But the EU’s chief negotiator offered a glimmer of hope that progress could still be made before the end of the year, noting: “I've been saying since the Florence speech that there is a new momentum and I remain convinced today that, with political will, decisive progress is within our grasp in the next two months."

He dismissed talk of concessions, arguing that any agreement would not be built on them.

"There is no question of making concessions on citizens' rights. There is no question of making concessions on the peace process in Northern Ireland,” he declared.

"As regards the financial settlement, there is no question of making concessions on thousands of European investment projects throughout Europe.”

He went on: "We have shared objectives and we have shared obligations. We also have shared duties and we shall succeed only with shared solutions. That is our responsibility.”

The EU’s chief negotiator told reporters there was "still disagreement" on how to resolve issues about citizens' rights after Brexit.

He argued the interpretation of rights must be "genuinely consistent" between the UK and the EU after Britain quit and suggested they must be applied through the European Court of Justice; a proposal the UK Government fundamentally disagrees with.

"We are continuing to work on the specific instruments and mechanisms which would give practical effect to this intention," Mr Barnier said.

He made clear there was "deadlock" on the issue of the scale of Britain's financial settlement, revealing there had been no negotiations on the issue this week. He described the UK Government's refusal to discuss in detail the so-called Brexit bill as "very disturbing".

Mrs May's announcement in her Florence speech that Britain would honour commitments entered into as an EU member was "important", noted Mr Barnier.

But he added: "This week, however, the UK repeated that it was still not ready to spell out these commitments. There have, therefore, been no negotiations on this subject.

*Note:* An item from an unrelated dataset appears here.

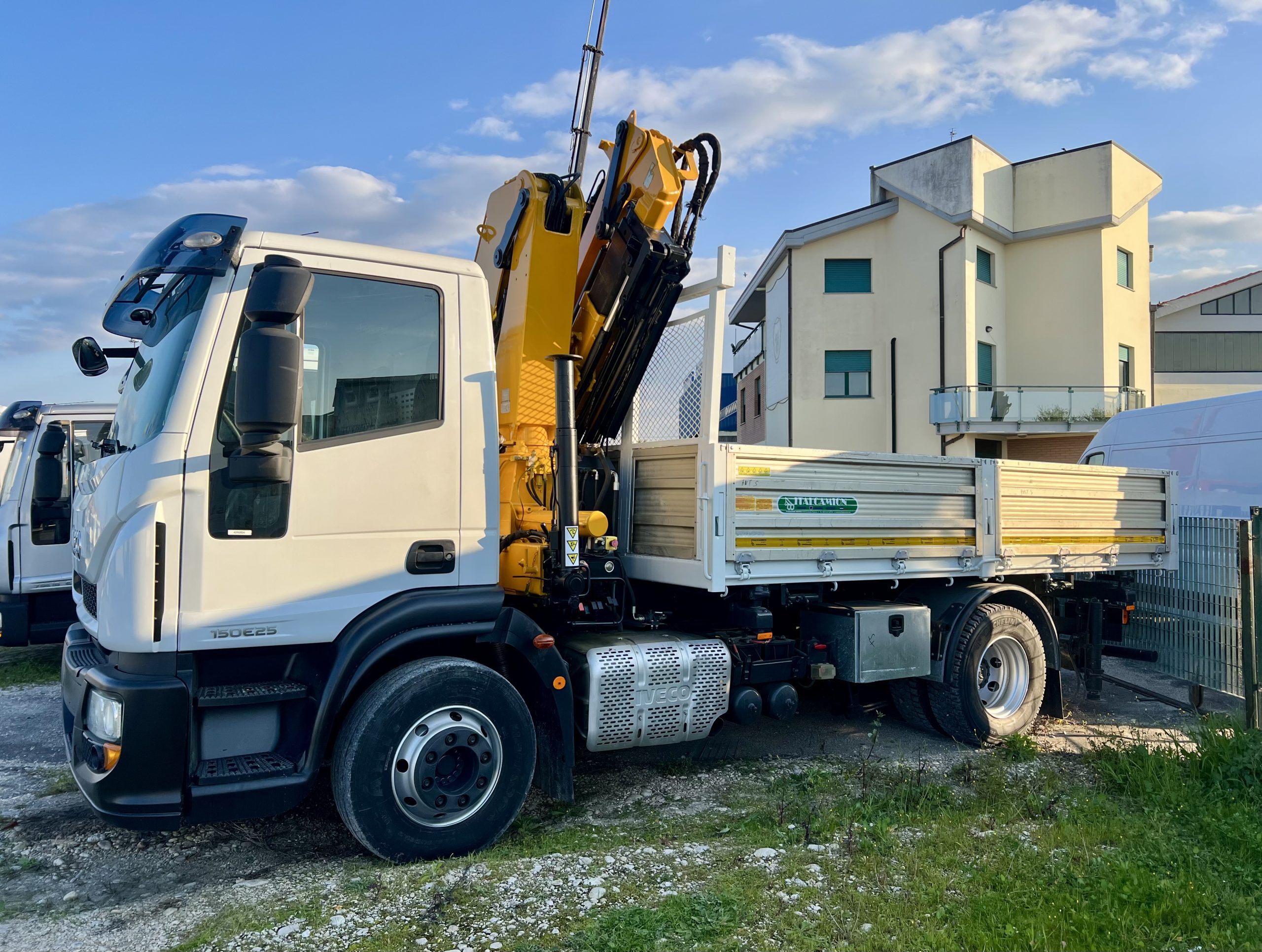 IVECO 150E25, EURO6, CASS. RIB.LE + GRU EFFER 140/3S+JIB/2S – COD. 2382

We confined ourselves to technical discussions; useful discussions but technical discussions.

"On this question we have reached a state of deadlock which is very disturbing for thousands of project promoters in Europe and it's disturbing also for taxpayers," insisted the EU’s chief negotiator.

On the Irish border, he said the talks had "advanced" during this week's discussions.

But he stressed there was "more work to do in order to build a full picture of the challenges to North-South co-operation resulting from the UK - and therefore Northern Ireland - leaving the EU legal framework".

Mr Davis presented a more optimistic outlook, saying while there was still much work to be done, the talks had made "significant progress" since June.

On the issue of citizens' rights, he said they were confident there would be agreement "soon" on incorporating the final withdrawal treaty into UK law, ensuring EU nationals in the UK would be able to enforce their rights through the UK courts.

EU citizens would still have to register with the UK authorities, he explained, but the process would be streamlined to make it as simple as possible.

Those already in possession of a permanent residence card would be able to exchange it for "settled status" without having to go through the full application process again, explained Mr Davis.